4
votes

In an attempt to improve my understanding of Haskell, I have started a personal project that allows users to combine many different predefined transforms that rely on an environment and state which are polymorphic.

The core types are organized around an environment parameterized over c, a state parameterized over the result type a, a typeclass Base that is parameterized over c and determines the type of a, and a typeclass Step that gives the interface by which the user-selectable transforms are defined in the RWS monad, and which is parameterized over both c and a:

type Plan c a = Control.Monad.RWS.RWS (Env c) Log (State a)

data Env c = Env c (Set Condition)

data State a = State a (Set Constraint)

class Base c b a | b -> a where
  execBase :: Env c -> b -> (State a, Log)

class Step c a s where
  defineStep :: s -> Plan c a ()
-- ^ Plans get folded into a single plan with >>

execPlan :: (Base c b a) => Env c -> b -> Plan c a () -> (a, Log)

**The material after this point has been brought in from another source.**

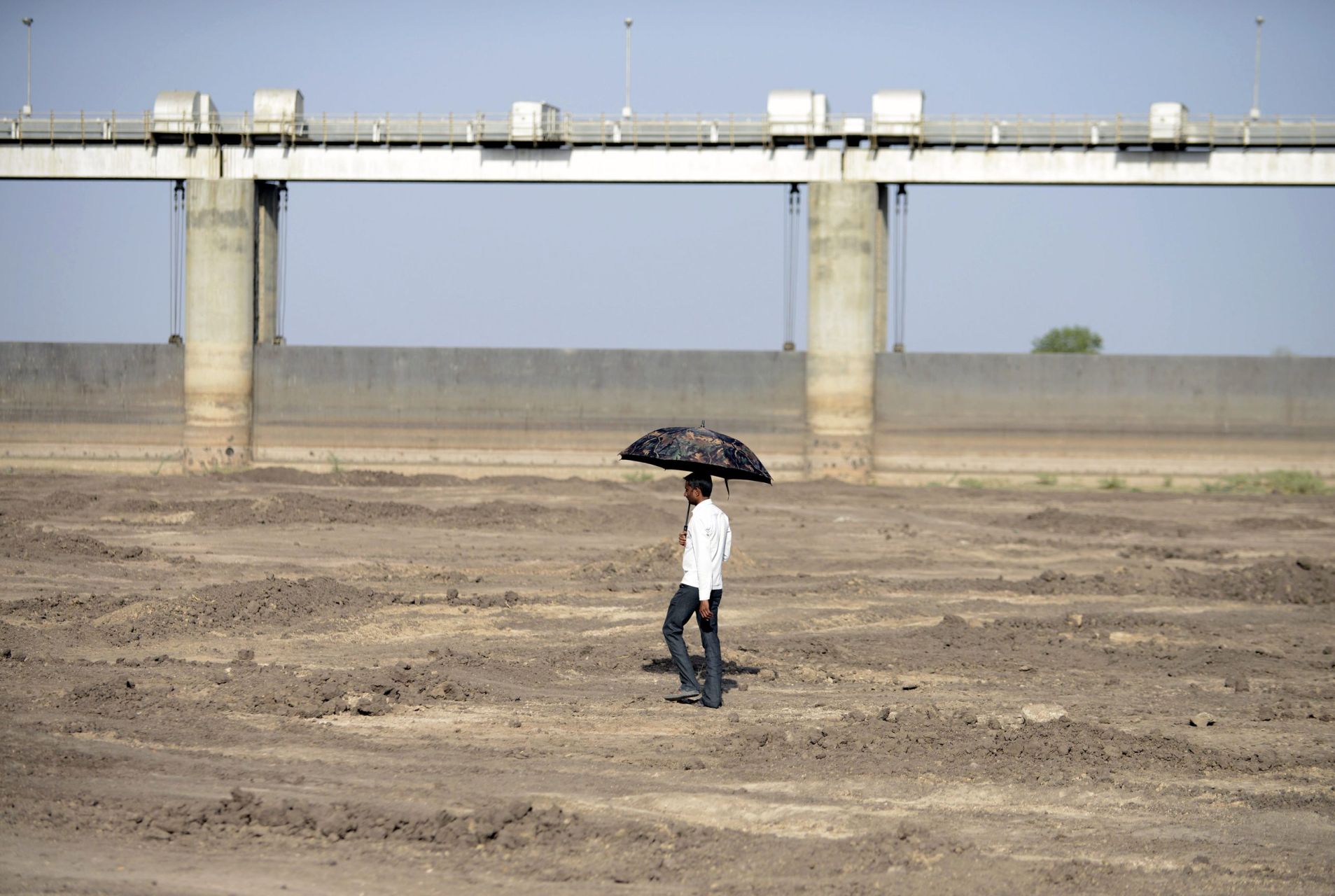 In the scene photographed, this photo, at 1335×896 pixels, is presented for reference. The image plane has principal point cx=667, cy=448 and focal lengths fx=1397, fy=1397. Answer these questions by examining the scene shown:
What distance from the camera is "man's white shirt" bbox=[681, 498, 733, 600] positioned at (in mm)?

The rest of the code base mostly defines a couple different data types the user can slot into the c part of Env, a few data types that can be the result a, and scads of data types that exist to hold a parameter or two and be instances of either Base or Step. Where it all falls down is that I can’t figure out how to parse any of this out of a user-supplied JSON document. I started with:

data Request c a = Request (Env c) (WrappedBase c a) [WrappedStep c a]

data WrappedBase c a where
  WrapBase :: (Base c b a, Eq b, Show b, Typeable a, Typeable b)
           => b -> WrappedBase c a

data WrappedStep c a where
  WrapStep :: (Step c a s, Eq s, Show s, Typeable s)
           => s -> WrappedStep c a

But I can’t figure out how to convince GHC to let me make a Data.Aeson.FromJSON instance for Request c a. It’s trivial to write a data type SomeC that’s a sum type over all the possible cases for c, and nearly as easy to write a parser for SomeC along with a function :: c -> Data.Aeson.Value -> Data.Aeson.Parser (Env c), but how would I turn that into a parser for Env c in such a way that I could then unify that c with the other cs in Request?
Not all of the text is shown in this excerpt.